The result should be an exact copy of only the lines from the one with "JUEGO COPLE RAPIDO" through the last line of the data below, with pictures omitted.
[[ DATA FOR THE TASK, beginning ]]
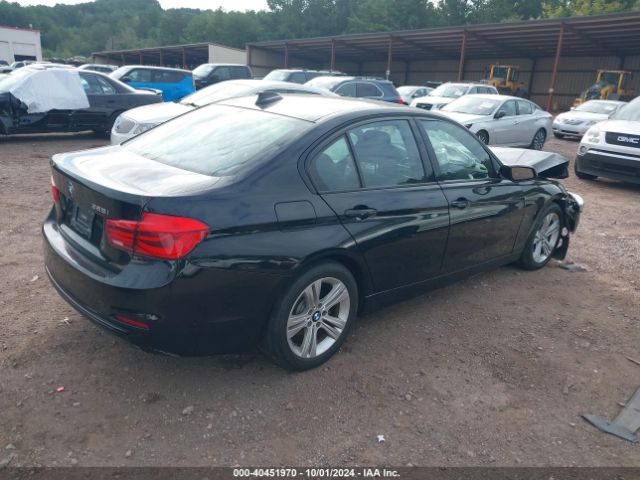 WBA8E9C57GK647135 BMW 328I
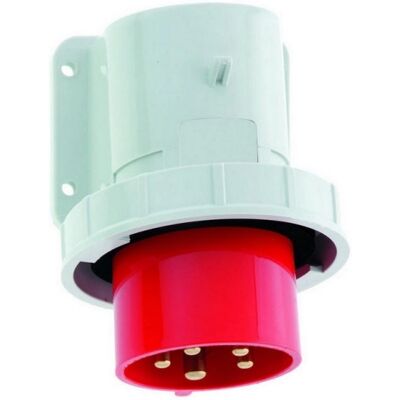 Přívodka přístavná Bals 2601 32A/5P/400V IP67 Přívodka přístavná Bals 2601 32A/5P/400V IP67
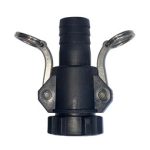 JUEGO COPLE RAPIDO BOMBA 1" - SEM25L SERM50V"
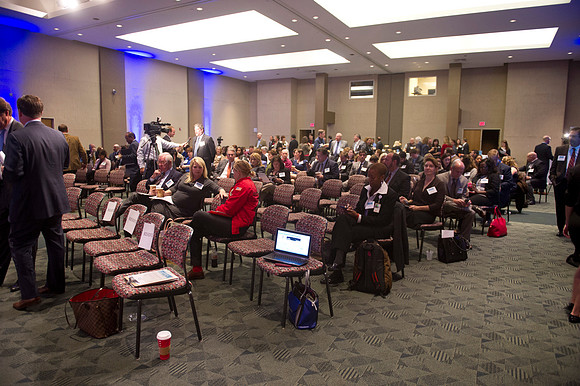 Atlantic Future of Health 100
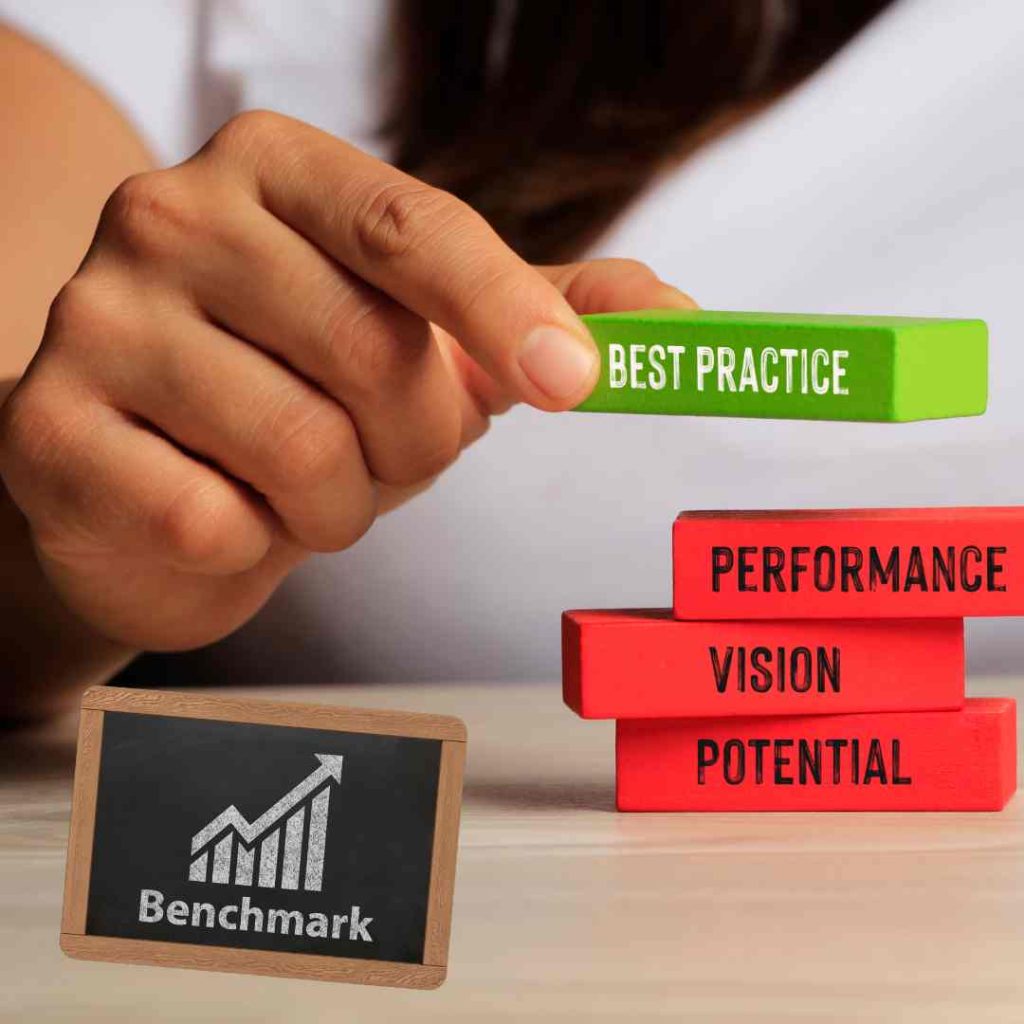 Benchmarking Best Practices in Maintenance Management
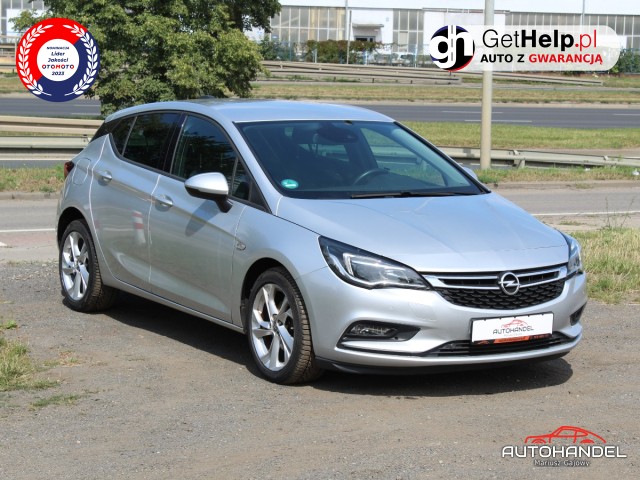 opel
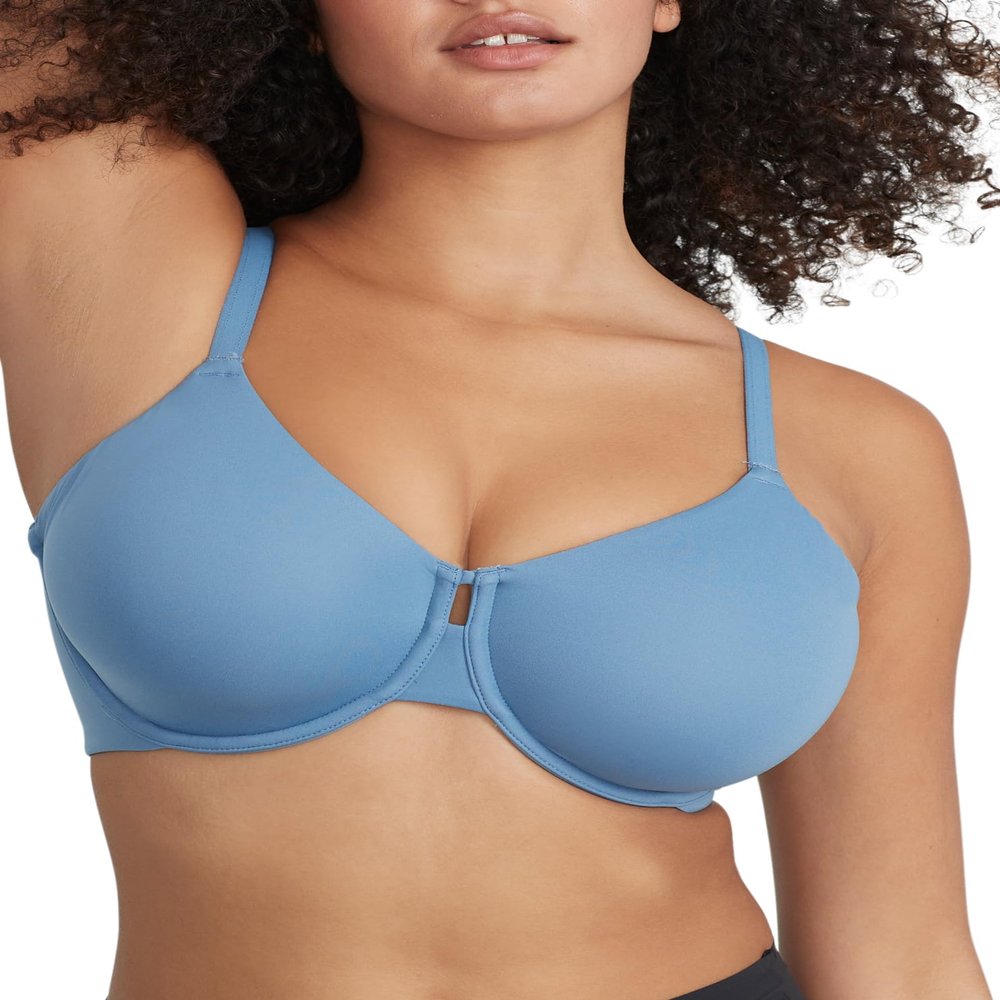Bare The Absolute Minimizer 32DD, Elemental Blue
[[ DATA FOR THE TASK, end ]]
» TASK RESULT
 JUEGO COPLE RAPIDO BOMBA 1" - SEM25L SERM50V"
 Atlantic Future of Health 100
 Benchmarking Best Practices in Maintenance Management
 opel
Bare The Absolute Minimizer 32DD, Elemental Blue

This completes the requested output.